Fluid uses concat to concatenate input data along a specified dimension.

API reference : concat

### 6. sums¶

Fluid uses sums to sum up the input data.

API reference : sums

### 7. fill_constant_batch_size_like¶

Fluid uses fill_constant_batch_size_like to create a Tensor with a specific shape, type, and batch_size. And the initial value of the Tensor can be specified as an arbitrary constant. The batch_size information is determined by the tensor’s input_dim_idx and output_dim_idx.

API reference : fill_constant_batch_size_like

### 8. fill_constant¶

Fluid uses fill_constant to create a Tensor with a specific shape and type. The initial value of this variable can be set via value.

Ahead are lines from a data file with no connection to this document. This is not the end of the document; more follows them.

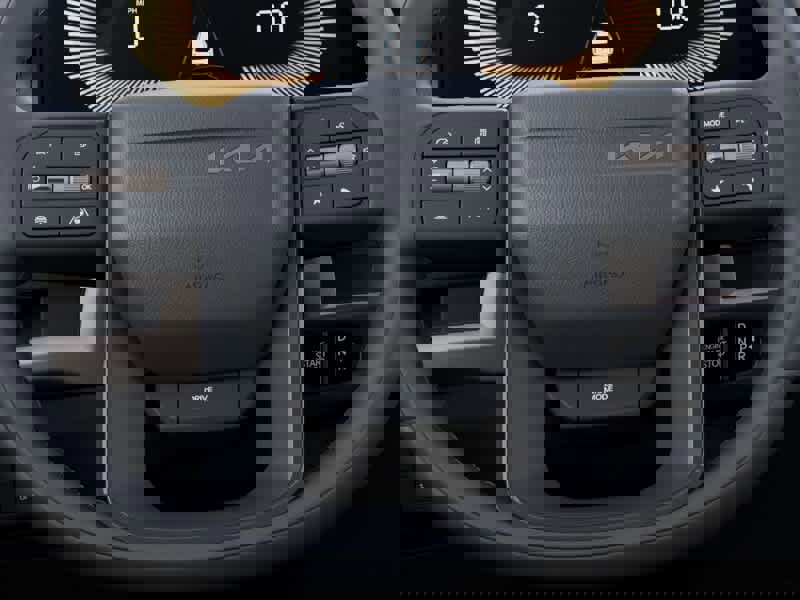 New 2027 Kia Telluride S image 22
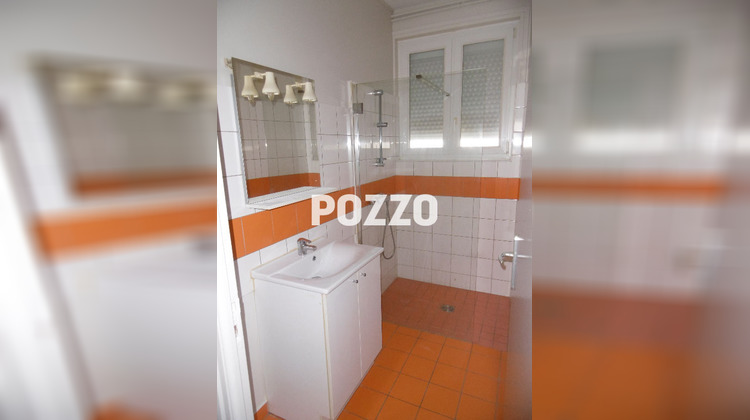 Ma-Cabane - Location Appartement VIRE, 50 m²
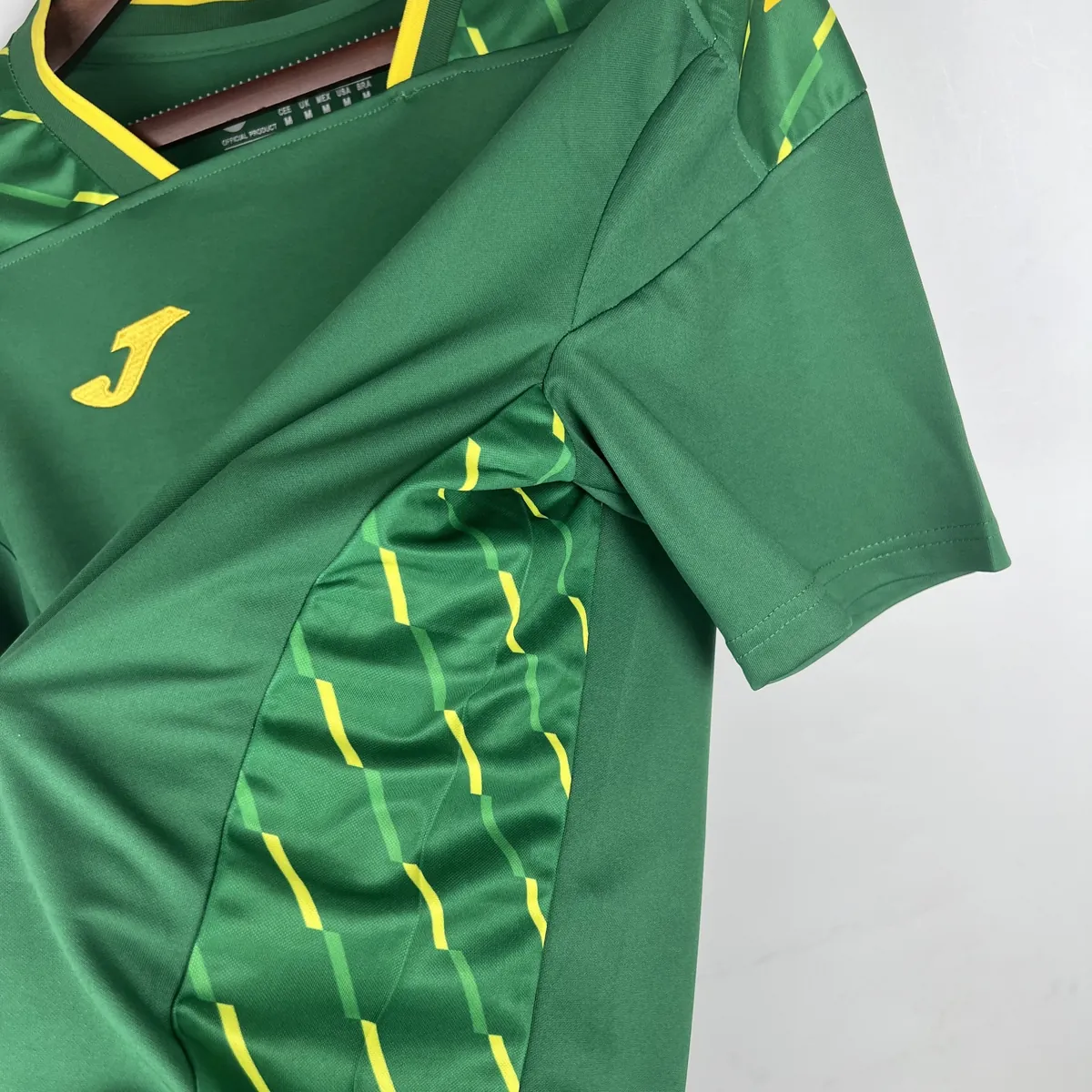 23-24 Norwich City Away S-XXL 8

API reference : fill_constant

### 9. assign¶

Fluid uses assign to duplicate a variable.

API reference : assign

### 10. argmin¶

Fluid uses argmin to calculate the index of the smallest element on the specified axis of Tensor.

API reference : argmin

### 11. argmax¶

Fluid uses argmax to calculate the index of the largest element on the specified axis of Tensor.

API reference : argmax

### 12. argsort¶

Fluid uses argsort to sort the input Tensor on the specified axis and it will return the sorted data variables and their corresponding index values.

API reference : argsort

### 13. ones¶

Fluid uses ones to create a Tensor of the specified size and data type with an initial value of 1.

API reference : ones

### 14. zeros¶

Fluid uses zeros to create a Tensor of the specified size and data type with an initial value of zero.

API reference : zeros

### 15. reverse¶

Fluid uses reverse to invert Tensor along the specified axis.

API reference : reverse

## LoD-Tensor¶

LoD-Tensor is very suitable for sequence data. For related knowledge, please read Tensor and LoD_Tensor .

### 1.create_lod_tensor¶

Fluid uses create_lod_tensor to create a LoD_Tensor with new hierarchical information based on a numpy array, a list, or an existing LoD_Tensor.

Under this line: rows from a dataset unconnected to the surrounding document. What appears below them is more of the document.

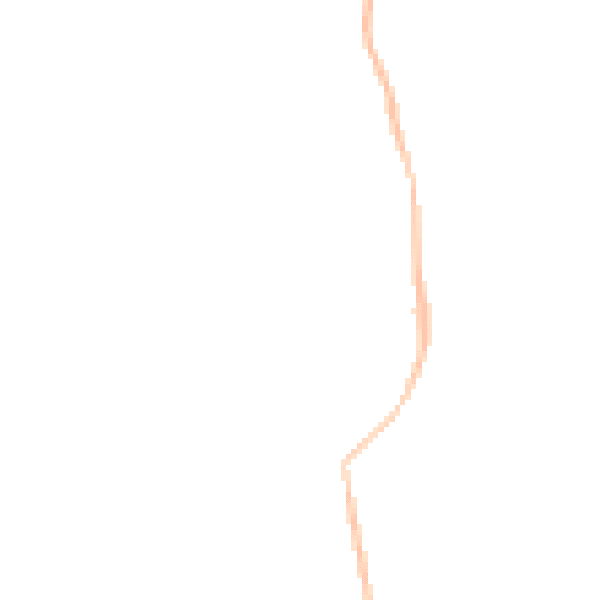 Night-time road noise heatmap for WR14 1NR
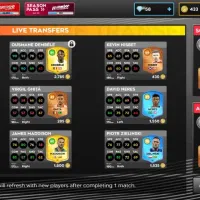 اکانت دریم لیگ|کنسول، بازی ویدئویی و آنلاین|مشهد, ایوان|دیوار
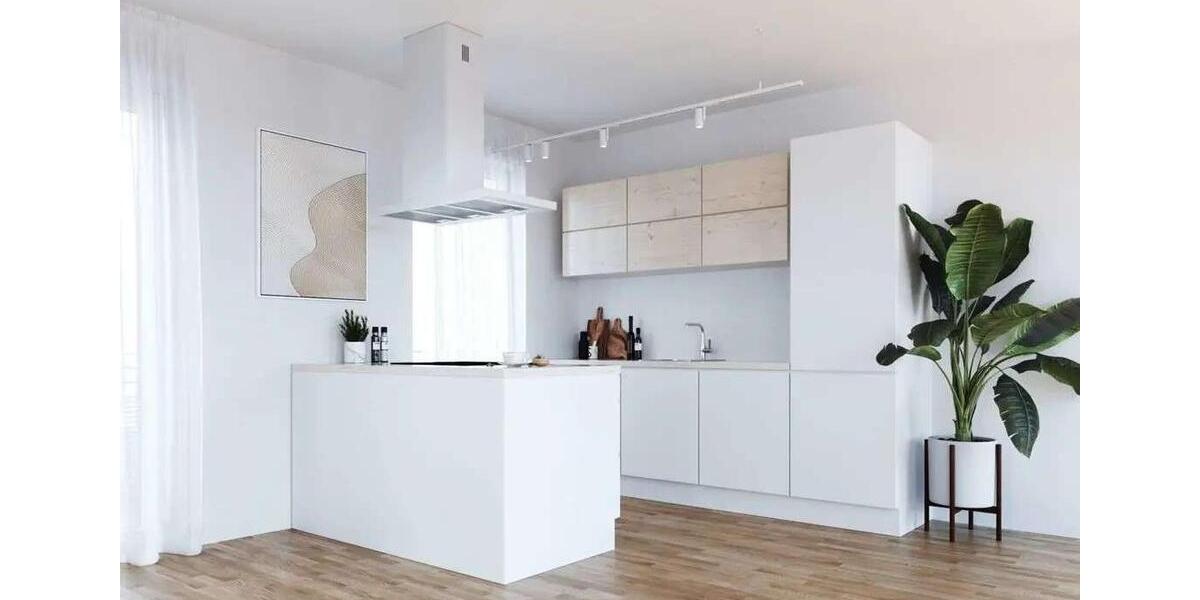 *ERSTBEZUG* Moderne 2-Zimmer Wohnung direkt am Kocher - Ihr neues Zuhause erwartet Sie! 2 zimmer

API reference : create_lod_tensor

### 2. create_random_int_lodtensor¶

Fluid uses create_random_int_lodtensor to create a LoD_Tensor composed of random integers.

API reference : create_random_int_lodtensor

### 3. reorder_lod_tensor_by_rank¶

Fluid uses reorder_lod_tensor_by_rank to reorder the sequence information of the input LoD_Tensor in the specified order.